During the field experiment from November 1-13, the robot called Scarab will simulate a lunar mission to extract water, hydrogen, oxygen and other compounds that could potentially be mined for use by future lunar explorers.
The four-wheeled robot will trek to different sites, using a Canadian-built drill to obtain a one-meter geologic core at each site.
On-board instruments developed by NASA will chemically analyze each core.
"People will not return to the moon for prolonged stays unless we can find resources there to help sustain them," said University Professor William Whittaker, director of the Robotics Institute's Field Robotics Center.
"The technology being developed for Scarab will help locate whatever water or resources might exist on the moon as we seek out the raw materials for a new age of exploration," he added.
It serves as a terrestrial testbed for technologies that would be used to explore craters at the moon's southern pole, where a robot would operate in perpetual darkness at temperatures of minus 385 degrees Fahrenheit.
The rover features a novel rocker-arm suspension that enables it to negotiate sandy, rock-strewn inclines and to lower its 5 1/2-foot by 3-foot body to the ground for drilling operations.
Scarab weighs 400 kilograms (about 880 pounds) and can operate on just 100 watts of power.
"Last year, we demonstrated Scarab's unique maneuverability and its ability to navigate autonomously," said David Wettergreen, associate research professor of robotics and project leader.
"This year, we reconfigured Scarab to accommodate a rock sample analysis payload developed by NASA. Now, it is a complete robotic system for exploring the lunar poles and prospecting for resources," he added.
Scarab is outfitted with a drill assembly built by the Northern Centre for Advanced Technology Inc. (Norcat) in Sudbury, Ontario.

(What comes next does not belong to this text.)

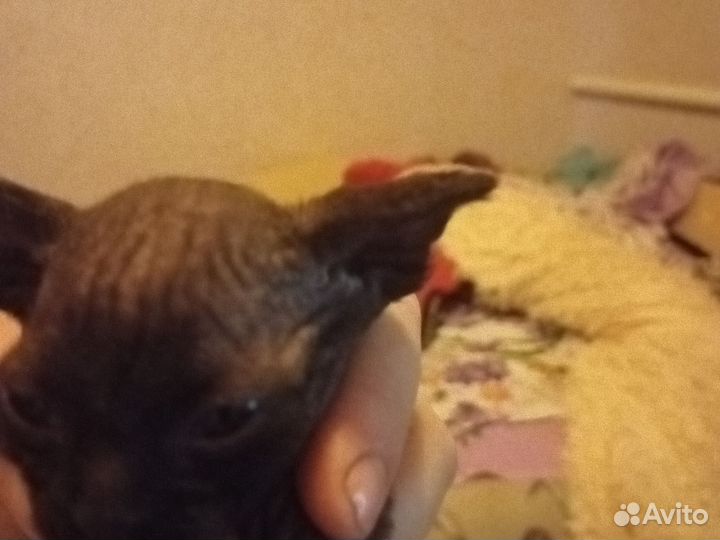 Канадский сфинкс котенок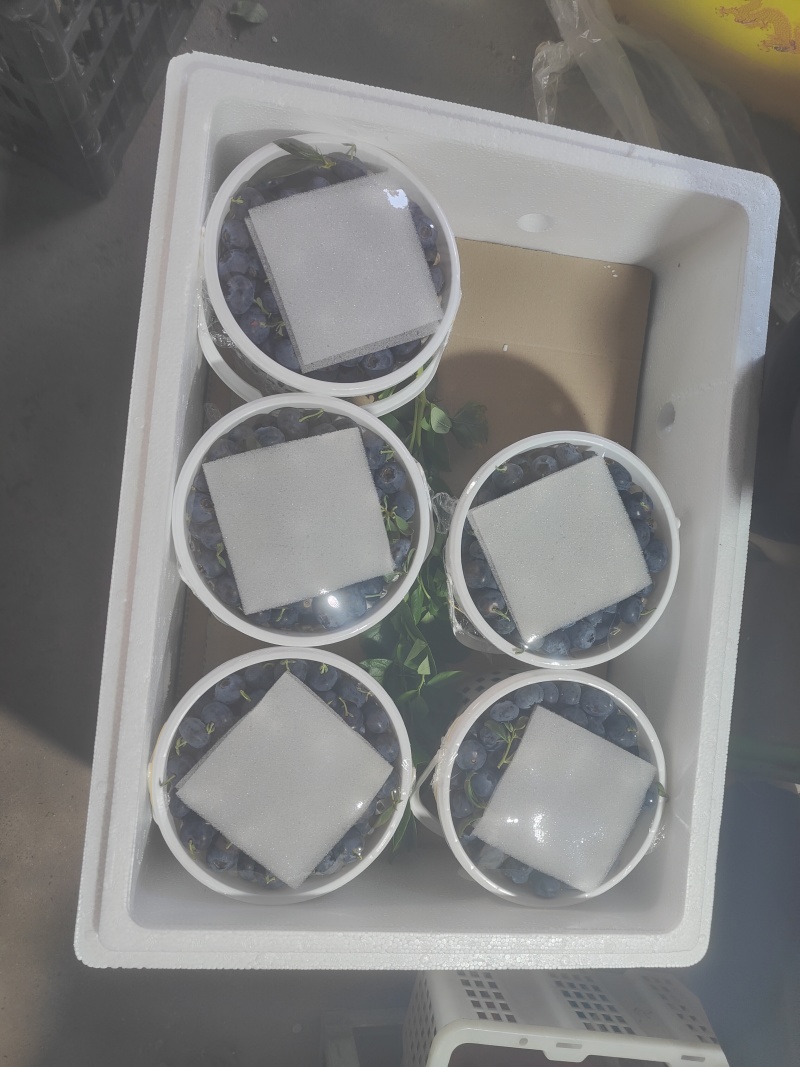 大凉山蓝莓玫瑰香L25蓝莓包装齐全产量充足欢迎各大电商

The drill takes hours to cut a one-meter core into a dense layer of weathered rock and soil, known as regolith.
The core is then transferred into another Norcat device that pulverizes it, about one foot at a time.
The crushed rock and soil drops into the Regolith and Environment Science and Oxygen and Lunar Volatile Extraction (RESOLVE) experiment being developed by NASA's In Situ Resource Utilization (ISRU) program.
Inside RESOLVE's heating chamber, the sample is heated to 900 degrees Celsius.
Gases released by the heat are transported to a gas chromatograph, an instrument that identifies individual chemicals and their relative abundance, and to absorption beds, each of which measures a particular compound of interest.
It takes up to 20 hours to analyze an entire one-meter core.